Search code examples
apache-sparkrddpartitioning

Spark RDD Partition effects


I am confused with repartition operation. Please see below code

import org.apache.spark._
import org.apache.log4j._


object FriendsByAge {

  def parseLine(line: String)={
    val fields = line.split(",")
    val age = fields(2).toInt
    val numFriends = fields(3).toInt

    (age, numFriends)
  }

  def main(args: Array[String]) = {

    Logger.getLogger("org").setLevel(Level.ERROR)

    val sc = new SparkContext("local[*]", "FriendsByAge")

    val lines = sc.textFile("./data/fakefriends-noheader.csv").repartition(1000)
    val rdd = lines.map(parseLine)

    println(rdd.getNumPartitions)

    val totalsByAge = rdd.mapValues(x=> (x,1)).reduceByKey((x, y) => (x._1+y._1, x._2 + y._2))

    println(totalsByAge.getNumPartitions)

    val averagesByAges = totalsByAge.mapValues(x => x._1/x._2)

    println(averagesByAges.getNumPartitions)
    val results = averagesByAges.collect()

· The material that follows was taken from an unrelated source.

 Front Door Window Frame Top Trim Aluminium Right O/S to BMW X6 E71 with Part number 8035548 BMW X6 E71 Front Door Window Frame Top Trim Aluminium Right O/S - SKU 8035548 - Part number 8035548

    results.sortWith(_._2> _._2).foreach(println)
  }


}

Here I am repartitioning the rdd after reading the file into 1000 partitions. Since map operation creates new RDD and partitioning is not preserved. I still see the same number of partitions.

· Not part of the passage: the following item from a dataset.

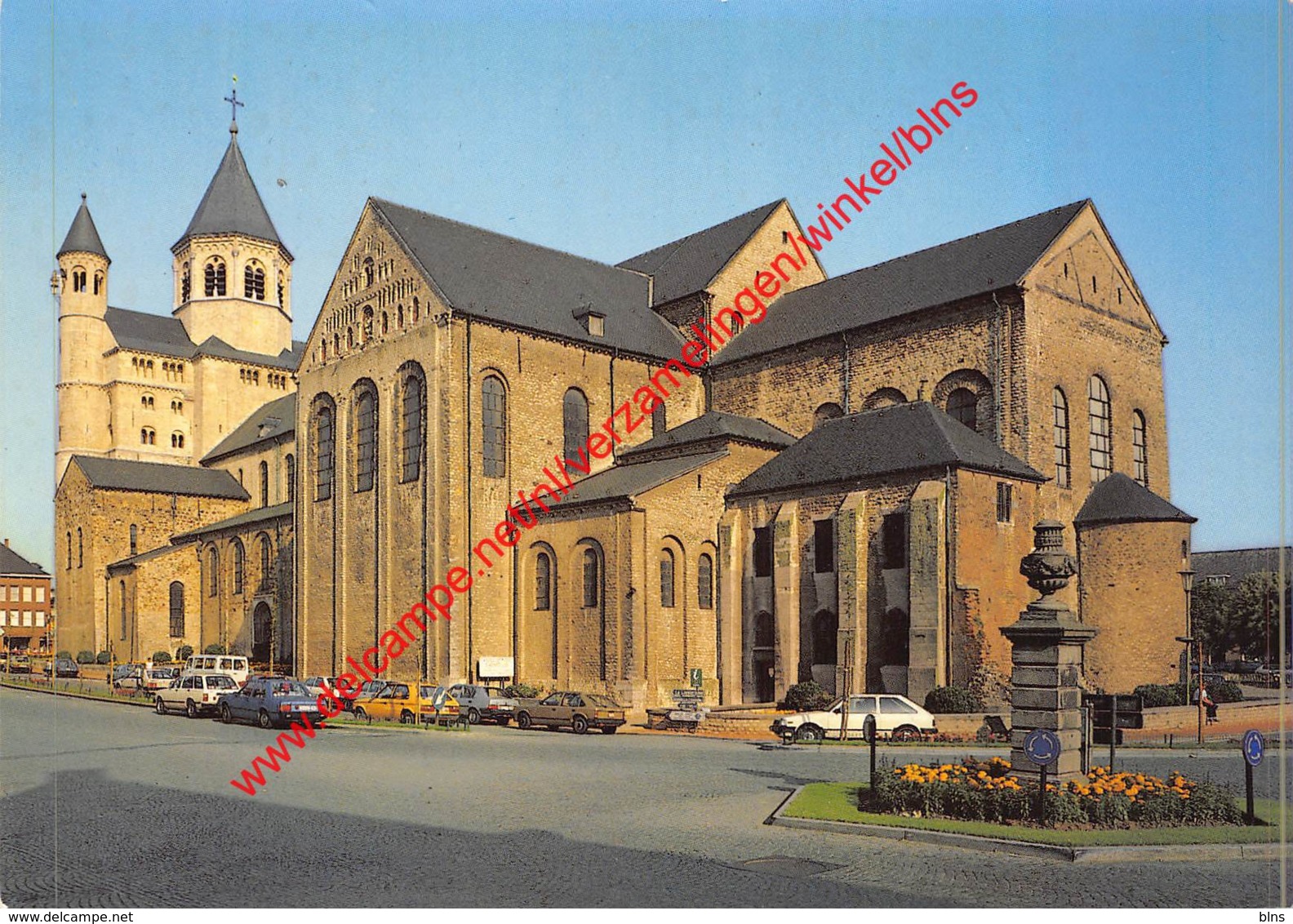 Collégiale Ste Gertrude - Nivelles Nijvel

The question is how will I know if child RDD will preserve parent RDD partitions? What is criteria when repartition will be invalidated by child RDD.


Solution

  • mapValues does not alter partitioning already in effect, it's a narrow transformation. You have two of them.

    reduceByKey is associative. Spark aggregates locally and sends those results to driver or to the relevant partitions - in your case. If you do not use the parameter on reduceByKey for number of partitions, you retain the same number of partitions for the new RDD, albeit with different distribution.